Inspiring data analysis
Robinson says his favourite comments by far are ones like this, by a programmer that said “I’ve never messed with R, but maybe I’ll get my hands dirty this weekend.”
“I’d much rather encourage people to develop data analysis skills than to get attention for my political conclusions. That’s why I included the code in the post, which is probably inaccessible to the vast majority of readers but could be helpful to data scientists and statisticians interested in the methodology.”
Helping others do text analysis
The open source software used to analyze Trump’s tweets is called tidytext, which Robinson co-authored with data scientist Julia Silge. “I care a lot about text mining in general,” he says, “especially developing tools that make the process easier for other data scientists. The analysis of the Trump tweets alone used R libraries including dplyr, purrr, twitteR, tidyr, lubridate, scales, ggplot2 and tidytext.
Now he is writing a book with Julia – Tidy Text Mining in R – that he says will include many examples of text analysis, including sentiment.

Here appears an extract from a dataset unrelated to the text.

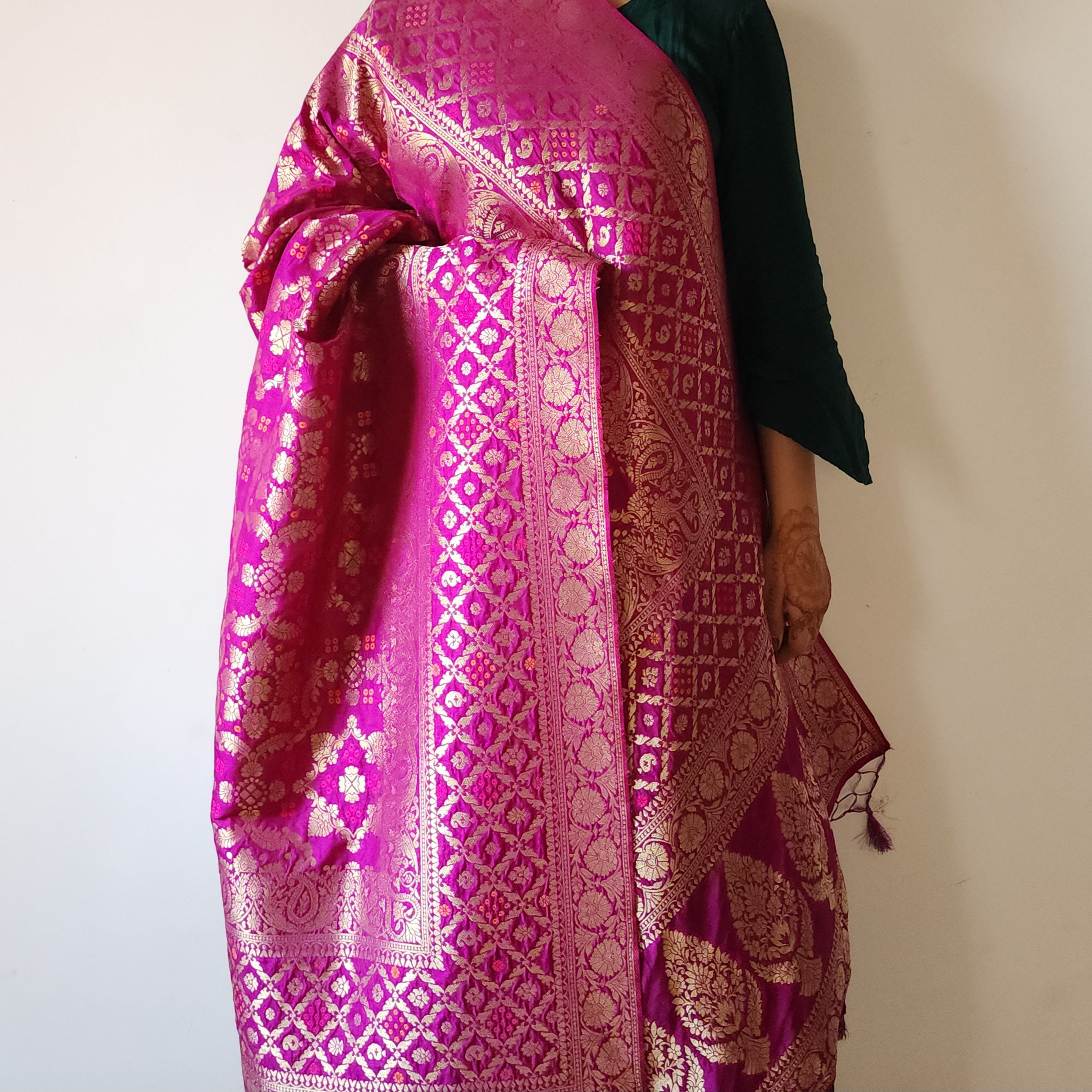 Berry Purple Bandhani Dupatta with Floral and Geometric Zari Weave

“She also did an awesome sentiment analysis of her own tweets, though that was before we collaborated on tidytext.”
Julia has written about using the software for sentiment analysis on the works of Jane Austen. A previous blog post by Robinson also outlines using sentiment analysis on Yelp reviews.
As for Trump? Robinson couldn’t resist another experiment: “I’ve written a much more humorous (and stupid) application of Trump-related sentiment analysis, which is to annotate every sentence in Pride and Prejudice with a Trump-style declaration.”
A version of this interview was conducted as part of the author’s research project “Text data processing and analysis in data journalism. An exploration of tools, techniques and applications” at the MA in Online Journalism at Birmingham City University.